Former department store in Lincoln

Mawer & Collingham was a department store located in Lincoln, England until being purchased by House of Fraser in 1980.

==History==
William Mawer is listed as trading as a linen draper at 229 High Street in Lincoln in 1810, however it is not known when the business actually started up. William's daughter Elizabeth married Joseph Collingham, and along with William's son, also called William signed a partnership agreement in 1822 which saw the business become Mawer, Son & Co before changing to Mawer & Collingham. The business expanded and in 1826 they purchased 228 High Street to expand the premises.

By 1829 Joseph Collingham was the sole proprietor of the business, but by 1873 his son Joseph Mawer Collingham had not only joined the firm but had taken over as sole proprietor. In 1900 the business was incorporated as a private limited company, and was listed as a wholesale and retail drapers, silk mercers, haberdashers, milliners, dressmakers, tailors, hatters, furriers, lacemen, clothiers, hosiers, glovers and general outfitters, carpet warehousemen, upholsterers and house furnishers and decorators.

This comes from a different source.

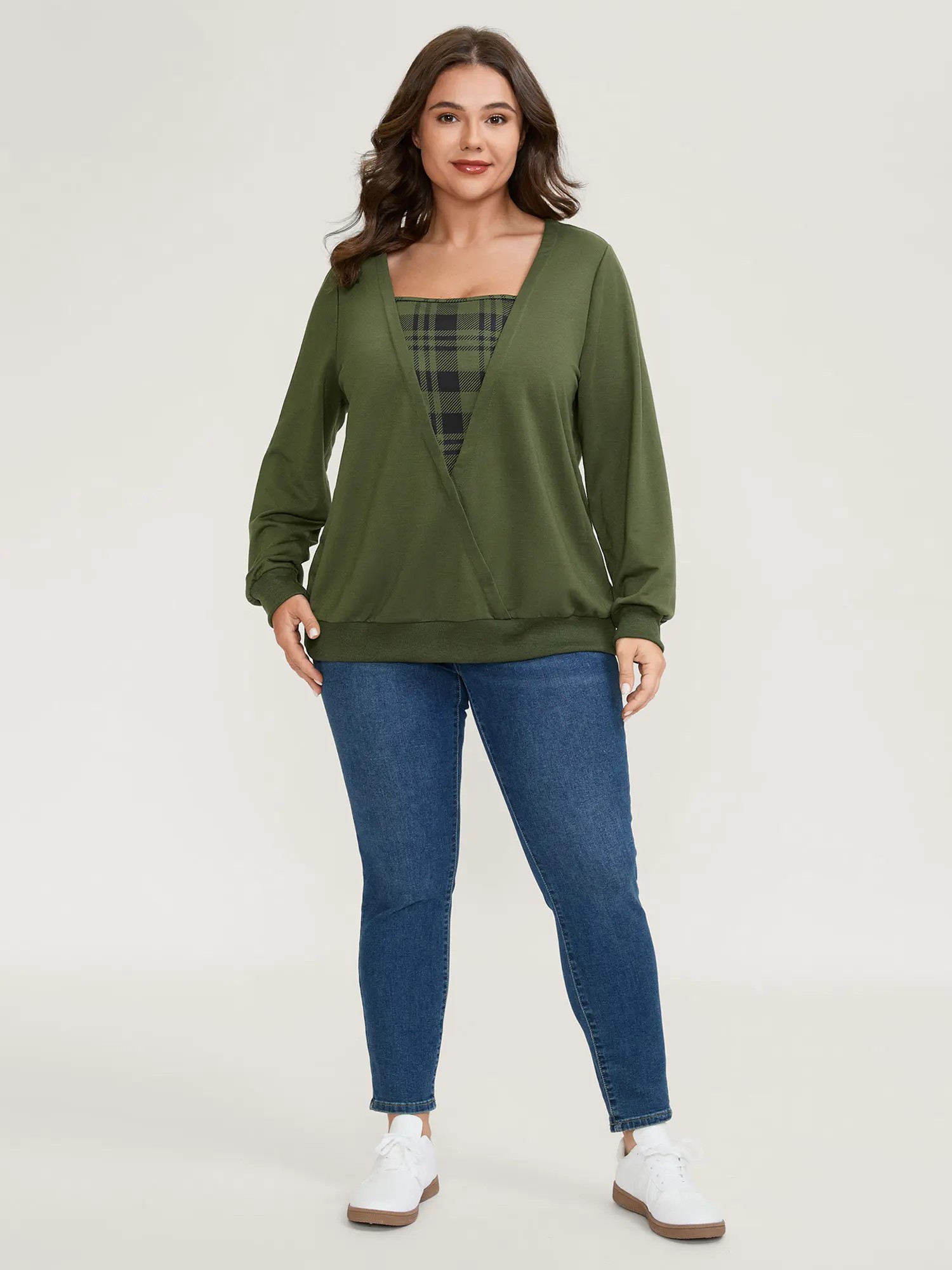 Women's Plus Size Plaid Spliced Wrap Sweatshirt – Square Neck Long Sleeve Pullover Top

By the 1930s the business had grown by purchasing neighbouring stores and now formed an island surrounded by St Peter's Passage (north), High St (east), Mint St (south) and Mint Lane (west), with the store being updated in 1960/61, 1970 and again in 1973. The updates included restaurant, car parking, offices and new departments selling electrical goods. Also in the 1930s the business acquired a drapers called Berrills, based in Spalding, which they run under the Berrills name until they closed the business in 1971.

The business continued to operate as an independent company, with several members of the Collingham family on the board, until 1980 when the business was purchased by House of Fraser. The store was immediately re-branded under the Binns name and traded as such until 2003 when the store was renamed House of Fraser.